# EXERCISE DIRECTIONS
Omit the pictures and return exactly the stretch of the material below from the line with "Лента герметичная RTW-PFS-A60-11mm" through the line with "Fiskehattar och bucket hats billigt".

# PROVIDED RECORDS
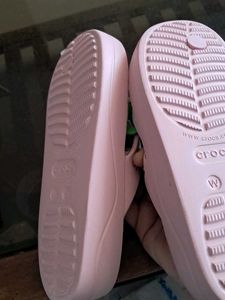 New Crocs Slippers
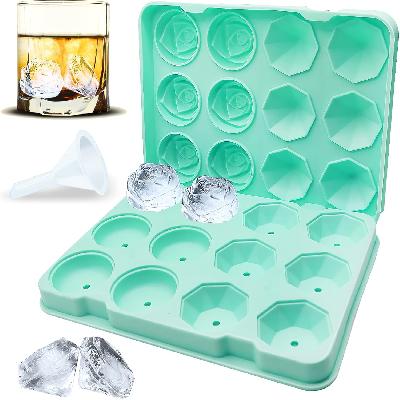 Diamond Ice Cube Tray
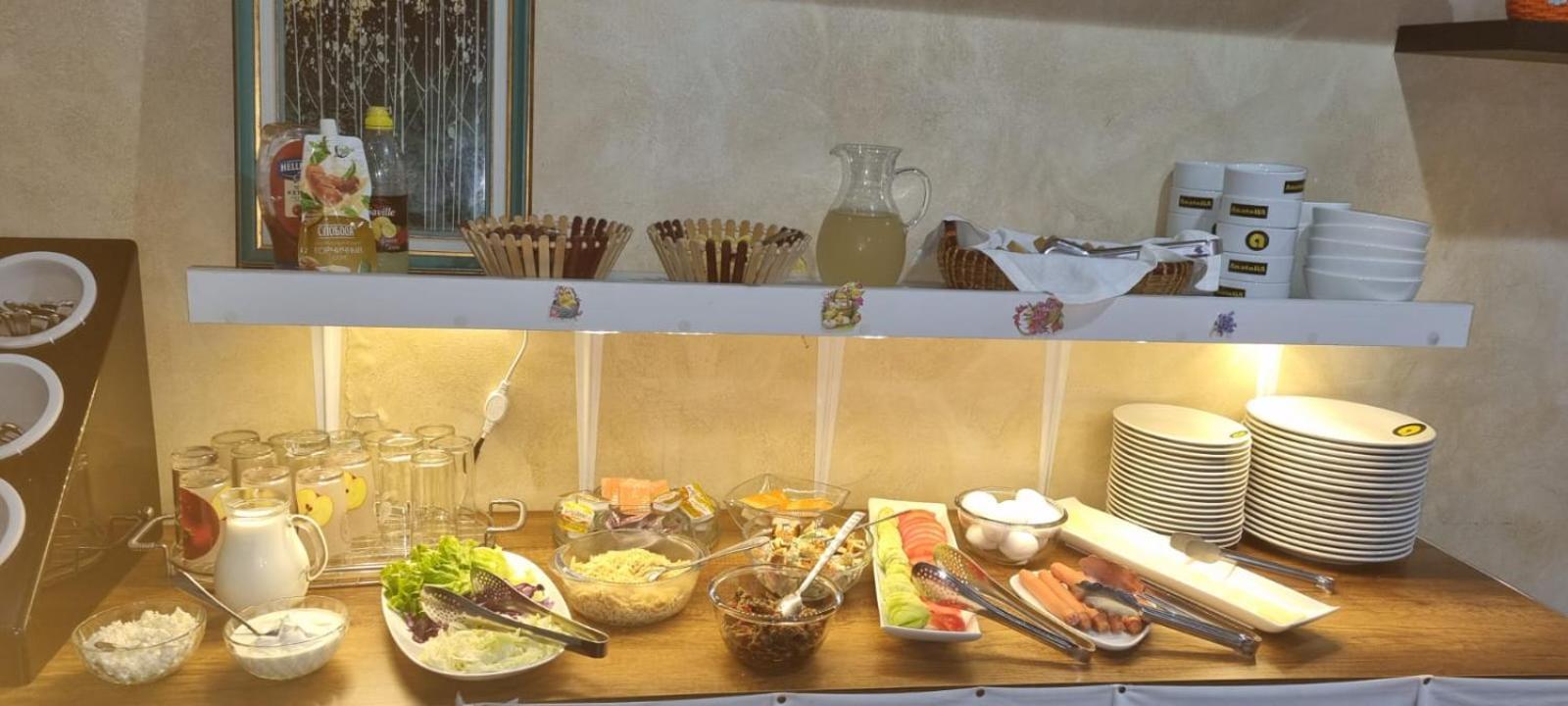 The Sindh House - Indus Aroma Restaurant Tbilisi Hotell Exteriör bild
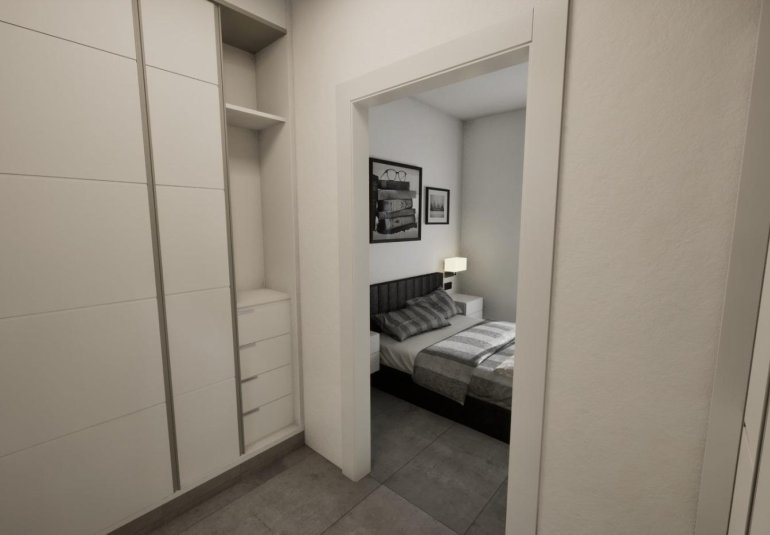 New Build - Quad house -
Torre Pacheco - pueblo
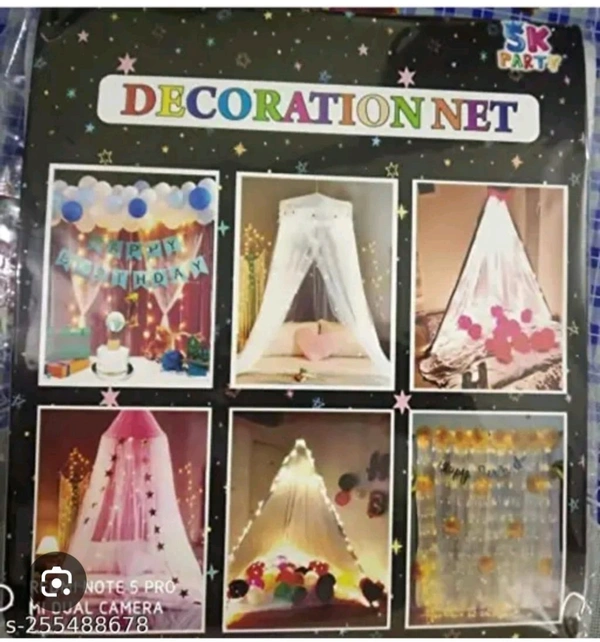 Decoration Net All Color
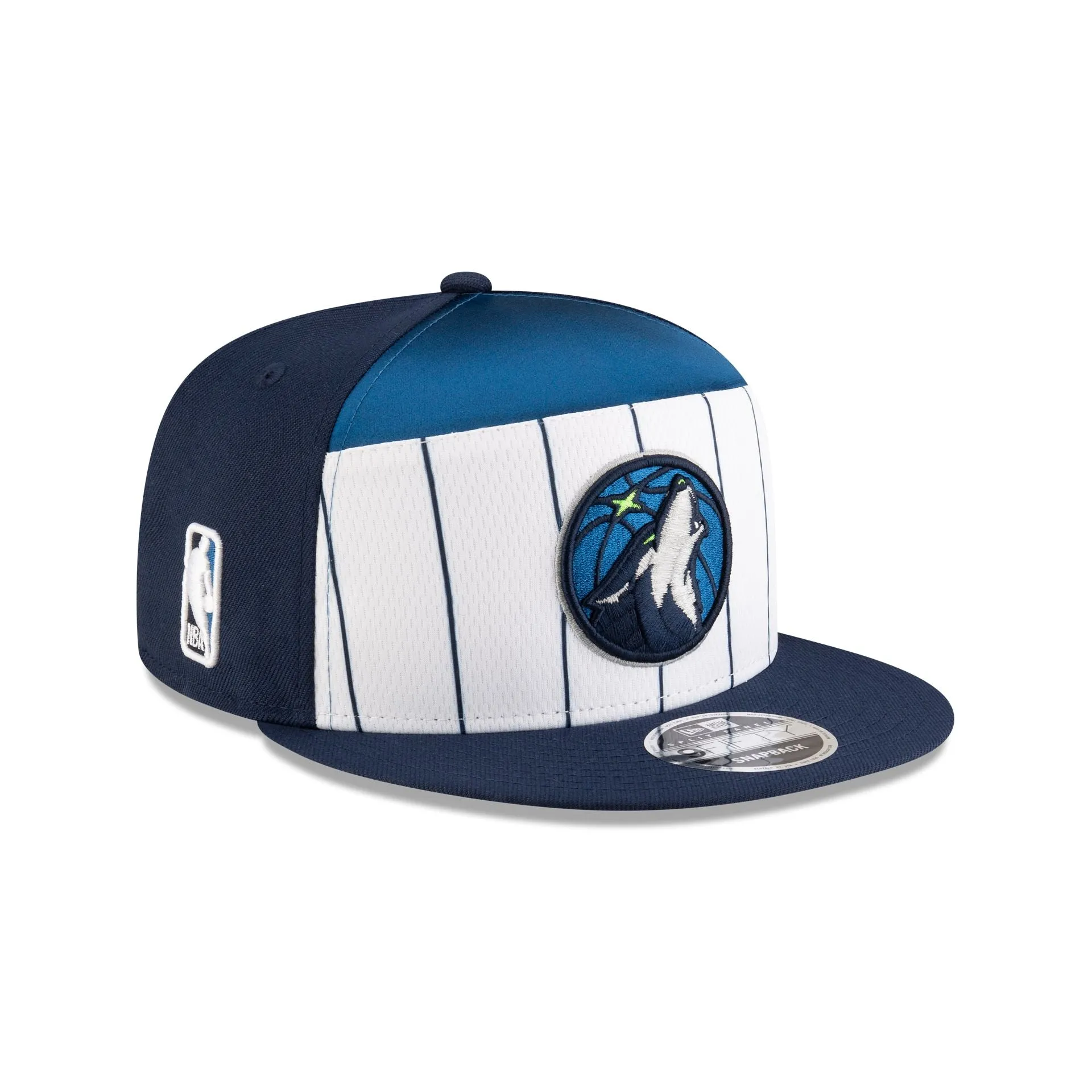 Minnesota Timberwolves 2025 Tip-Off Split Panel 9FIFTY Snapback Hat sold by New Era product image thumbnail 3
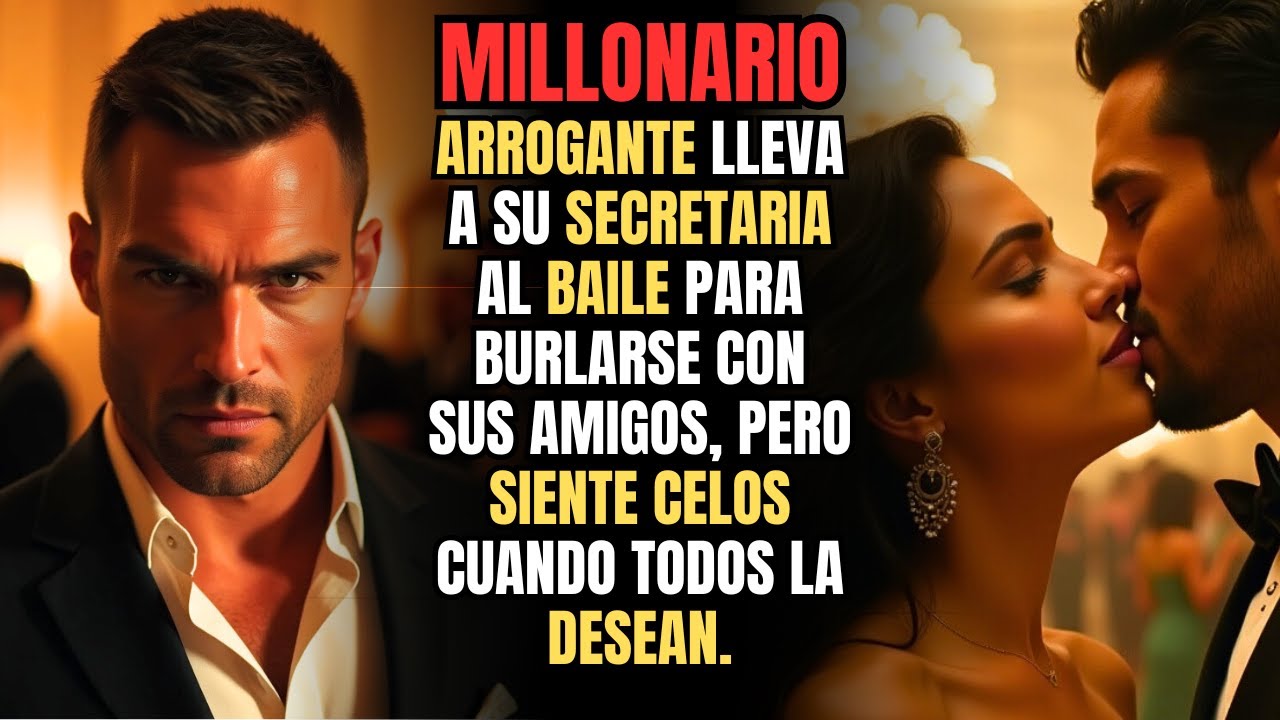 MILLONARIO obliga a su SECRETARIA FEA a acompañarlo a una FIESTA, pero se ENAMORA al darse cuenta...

...

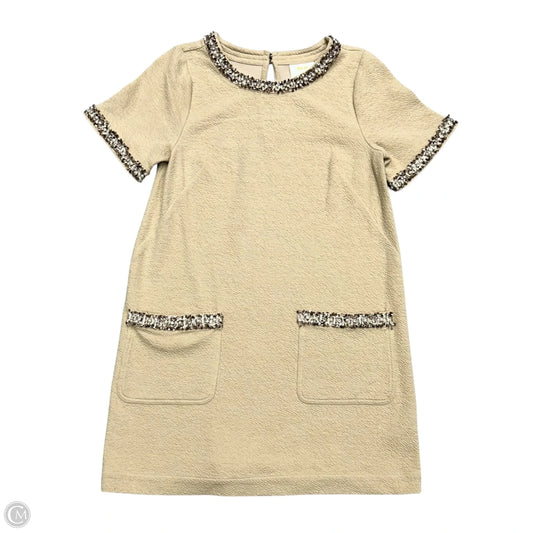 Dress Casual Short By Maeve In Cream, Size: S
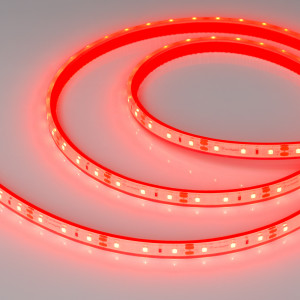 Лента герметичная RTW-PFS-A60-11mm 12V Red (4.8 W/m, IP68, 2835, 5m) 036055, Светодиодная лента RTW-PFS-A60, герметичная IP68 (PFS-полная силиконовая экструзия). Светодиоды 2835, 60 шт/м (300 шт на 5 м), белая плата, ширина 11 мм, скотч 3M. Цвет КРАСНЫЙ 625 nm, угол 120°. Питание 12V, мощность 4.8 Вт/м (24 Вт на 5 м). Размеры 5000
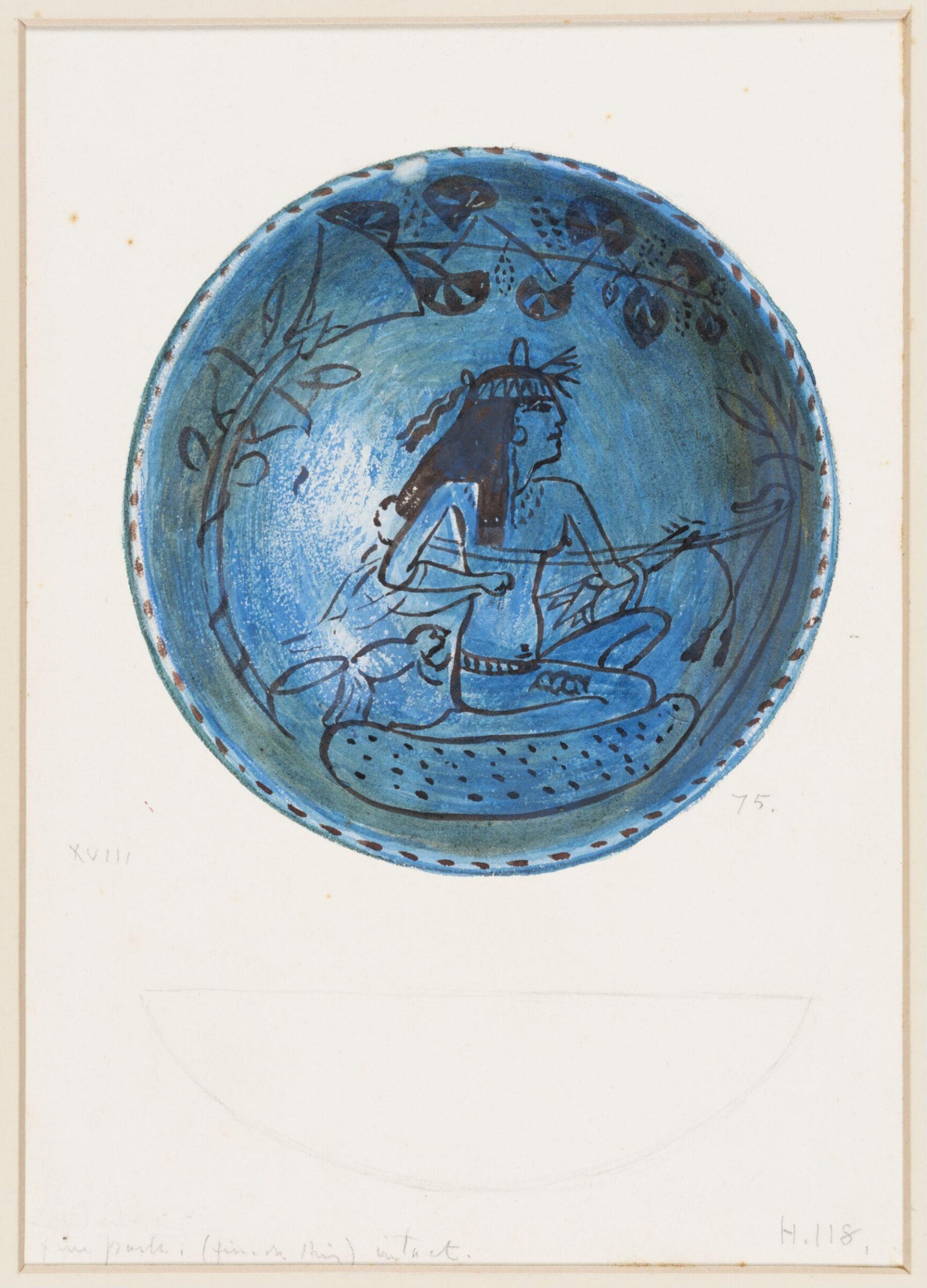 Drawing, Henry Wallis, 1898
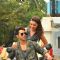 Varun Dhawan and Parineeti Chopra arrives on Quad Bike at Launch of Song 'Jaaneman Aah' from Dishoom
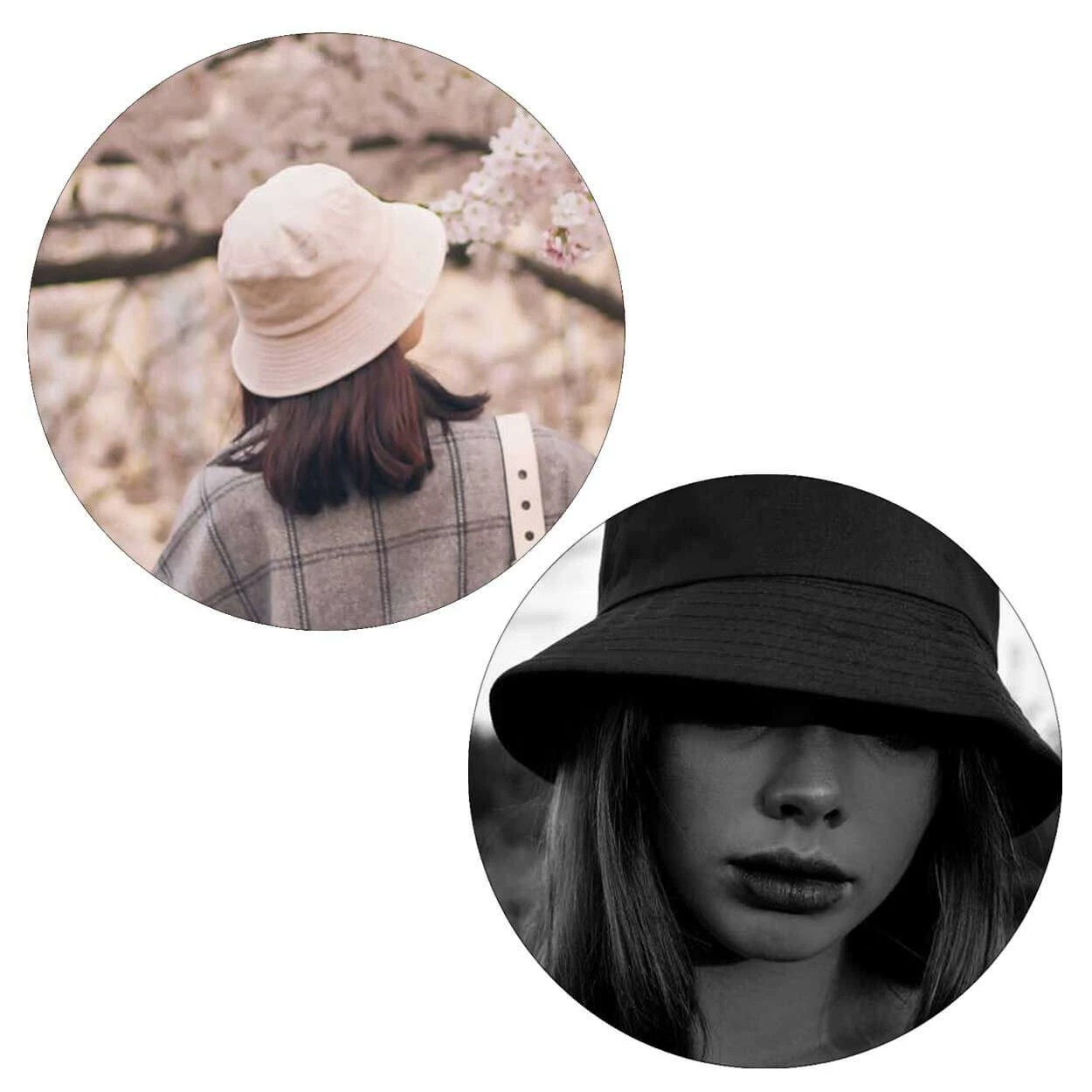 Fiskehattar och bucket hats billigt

---

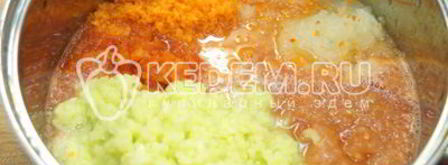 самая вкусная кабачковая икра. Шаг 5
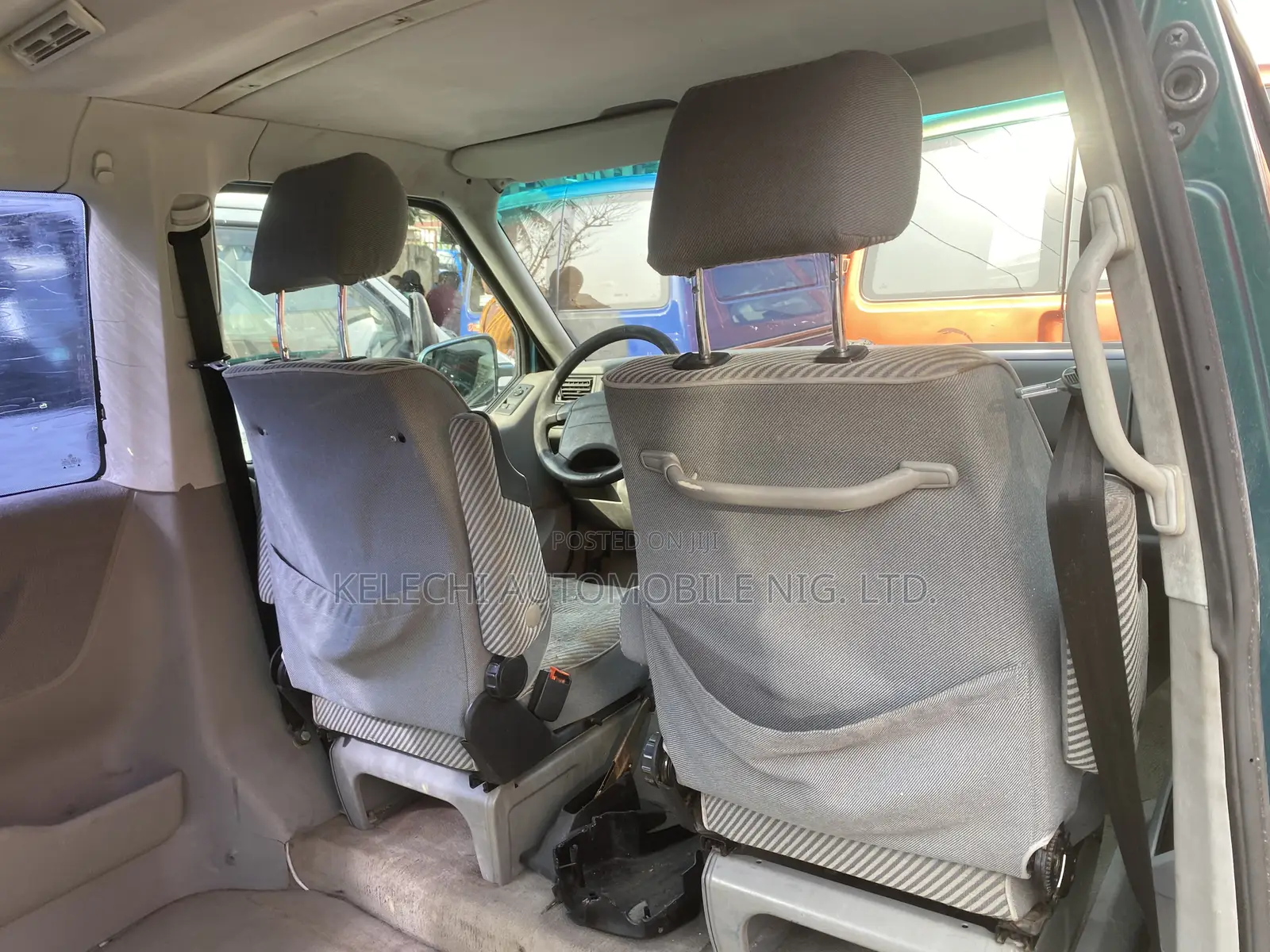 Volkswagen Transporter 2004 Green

# RESULT
 Лента герметичная RTW-PFS-A60-11mm 12V Red (4.8 W/m, IP68, 2835, 5m) 036055, Светодиодная лента RTW-PFS-A60, герметичная IP68 (PFS-полная силиконовая экструзия). Светодиоды 2835, 60 шт/м (300 шт на 5 м), белая плата, ширина 11 мм, скотч 3M. Цвет КРАСНЫЙ 625 nm, угол 120°. Питание 12V, мощность 4.8 Вт/м (24 Вт на 5 м). Размеры 5000
 Drawing, Henry Wallis, 1898
 Varun Dhawan and Parineeti Chopra arrives on Quad Bike at Launch of Song 'Jaaneman Aah' from Dishoom
 Fiskehattar och bucket hats billigt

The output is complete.